Not too religious, which is a good thing

I decided to purchase this book after losing Olive, and with the intention of seeking comfort. I want to clarify that, despite being the book written by a clergyman, it has less religious content than other books about the same subject. I just hate reading about pets going to heaven when I don't believe in God or heaven myself. Why is that agnostics or atheists don't have a right to be comforted? I guess it's just easier to believe in something greater. This book has less of that compared to other, but the second half is more loaded with religious stuff, which I found less interesting than the first half.

There is a chapter about assisting children with the loss of a pet, and it's something I missed from other books. I found the general tone of the book quite aseptic, which is not a bad thing but I missed somehow some empathy.

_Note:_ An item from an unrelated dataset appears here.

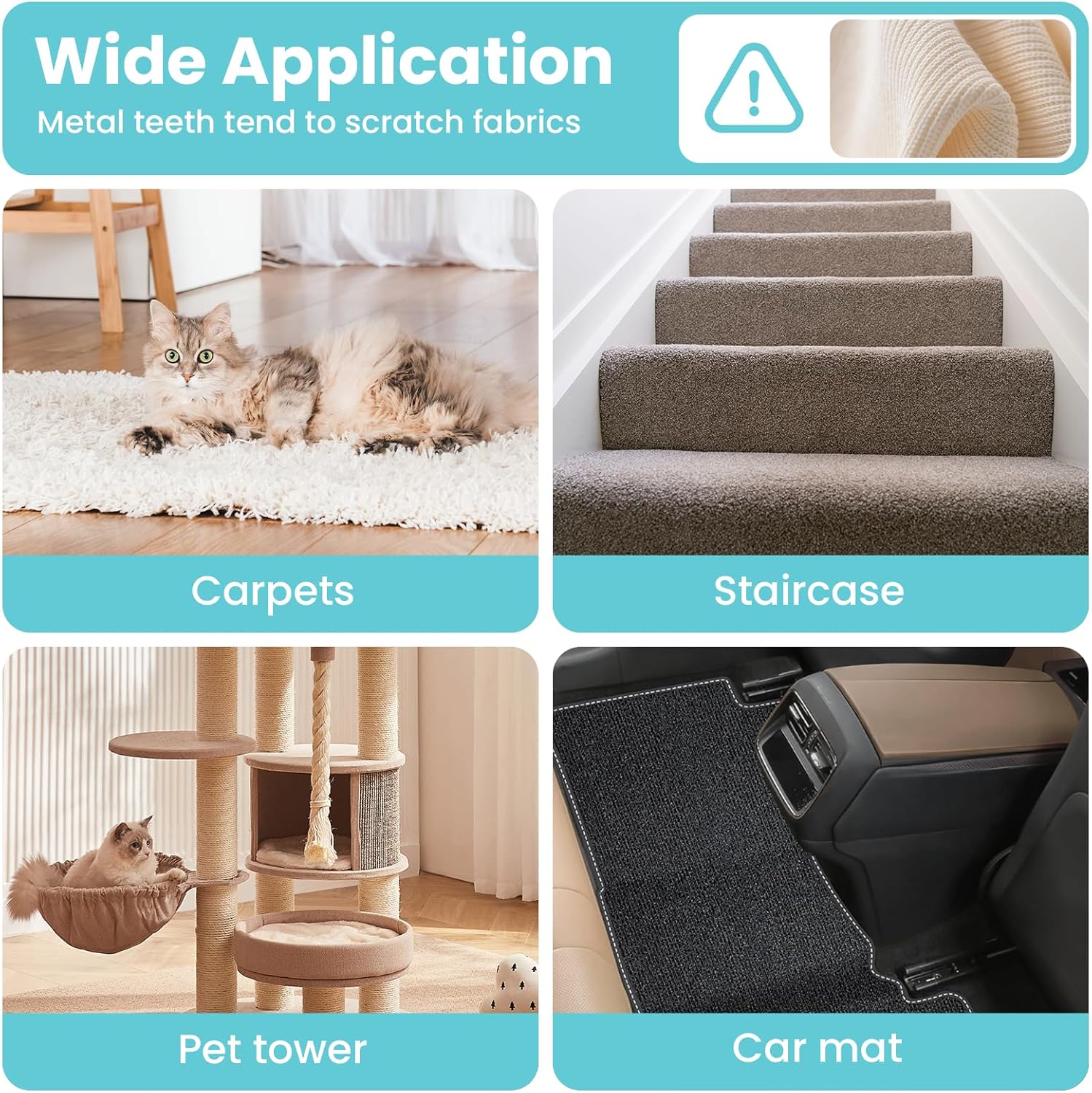 3 in 1 Carpet Rake for Pet Hair Removal, Tool Set of 3, 55” Long Handle Carpet Pet Hair Removal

The book has some great pieces of advice on how to deal with the loss of a pet, and it doesn't go much into religion, but more into philosophy. It's not a perfect book by any means, but I found it more helpful than others. It also mentions some famous books and poems about the same subject, so it opens the possibility to exploring more about the subject.

Barry Abrams delivered a good and clear narration. I think his style went well with the book, and he even gave different voices to the texts by other authors included in the book. I think I would have preferred the book to be narrated with a bit more sentiment, but this was missing from the text too, so Abrams did a good job with the material he had.